The Moravian Missionary Experience: .
The West Indies, Guiana and Surinam, 1732-1800.
The Moravians were a Protestant sect that, under the leadership of Count Nikolas Ludwig von Zinzendorf und Pottendorf, experienced a strong revival in the 1720s. The doctrine of the Moravians centered on the sufferings of Christ on the cross and involved much contemplation of the various wounds he received therein. Zinzendorf began the practice of sending Brethren to minister among the heathens in the New World and Africa, and potential missionaries underwent extensive indoctrination: .
These missionaries, both men and women, envisioned themselves as "brides of Christ" whose father was God and whose mother the Holy Ghost.
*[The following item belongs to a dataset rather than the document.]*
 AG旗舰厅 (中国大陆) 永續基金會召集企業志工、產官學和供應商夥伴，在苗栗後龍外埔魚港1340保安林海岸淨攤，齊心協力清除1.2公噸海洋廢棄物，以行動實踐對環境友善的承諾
In this imagery, the church was born in the savior's side wound, betrothed to Christ in Holy Communion, making it the daughter-in-law of both God the Father and the Holy Ghost (Price, 57).
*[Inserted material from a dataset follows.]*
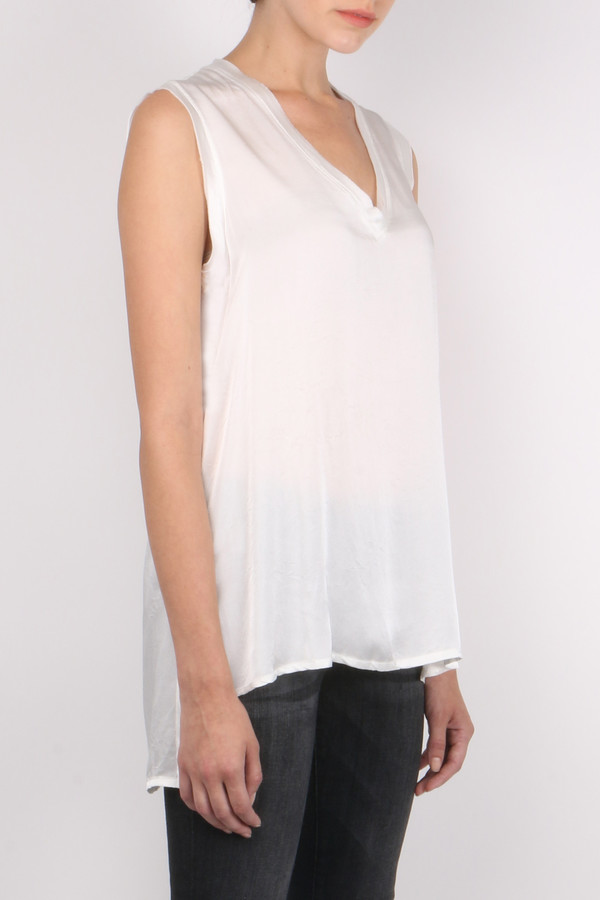 (nude) V-Neck Sleeveless Top (nude) V-Neck Sleeveless Top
Missionaries were taught to not involve themselves with politics or commerce in the colonies, although this did not always hold true. They also accepted slavery as the status quo, and in some cases, became slave owners themselves.
II. The West Indies.
The Moravian presence in the New World began with the death of Frederick IV of Denmark and Norway. Count Zinzendorf, wishing to relinquish his secular title and gain some office within the Danish court, traveled to Copenhagen to gain contacts within the court of the new king, Christian VI. This protracted visit failed to gain the Count any appointed office, but his new connections within the court shed light on a problem that fell well within his realm as spiritual leader of the Moravian Brethren. A slave named Anthony, the body servant of an acquaintance of Zinzendorf's, told the Count of "the dark moral and intellectual and religious condition of the slaves in the Danish West Indies" (Hamilton 50). His plans for recognition within the court of the new king quashed, the Count immediately began to plan missions to the Danish holding in the New World.